The film isn't, ultimately, about the relationship between the two, but how Eva deals with it, and that's another reason that the contrivance works: it's used more as metaphor than as strict realism. The driving conflict is whether or not Eva will allow Marianne's clearly biased viewpoint to spoil things with Albert, but putting it that way puts the onus on Eva's gullibility, when the film and Louis-Dreyfus make it clear that it's actually about Eva's fear of change, and using the excuse of Marianne's caustic gossip to keep Albert at arm's length is simply a very literal embodiment of looking for the worst in one's partner as an excuse not to be completely intimate with them. There's a lot of showing-not-telling that the part requires, and Louis-Dreyfus has to do almost all of it herself, falling effortlessly into the low-key chatty register that Holofcener loves to keep her movies in. Anyone whose chief points of reference for the actress are the sassy and loud Elaine Benes on Seinfeld or the callous titular character in Veep - as has been the case for myself - has no inkling that she's capable of anything this warm and lived-in and delicate, a bouquet of different forms of ambivalent feeling that are all pitch-perfect in the moment.

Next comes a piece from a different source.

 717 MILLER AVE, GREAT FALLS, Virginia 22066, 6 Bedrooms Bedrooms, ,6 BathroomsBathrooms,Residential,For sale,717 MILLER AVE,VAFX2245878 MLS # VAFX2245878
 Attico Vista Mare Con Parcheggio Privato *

Now, this is all so smallish and personable that it runs into the problem of feeling somewhat disposable; and once again, we found ourselves still waiting for Holofcener to do anything that's as insightful and perfect as Walking and Talking or Lovely & Amazing. In particular, this is the first film the director has made where I feel like she's letting absolutely everyone off the hook (even Marianne, given the graceful exit of not appearing onscreen after she's fucked everything up for everyone). Sure, Eva behaves in some awfully dubious ways and makes some clearly wrong choices, but even as she suffers for it, there's more palpable affection on the director's part than in something like Lovely & Amazing, certainly, which is absolutely delighted to hold its characters' feet to the fire. Maybe that's just what happens as you age, and "she's too in love with her warm, likable characters!" is really the opposite of a problem. The film is generous, forgiving, and understanding of what people do with their lives, and it never feels like it has to be fake in order to get there. It's a little film, but awfully wonderful at it.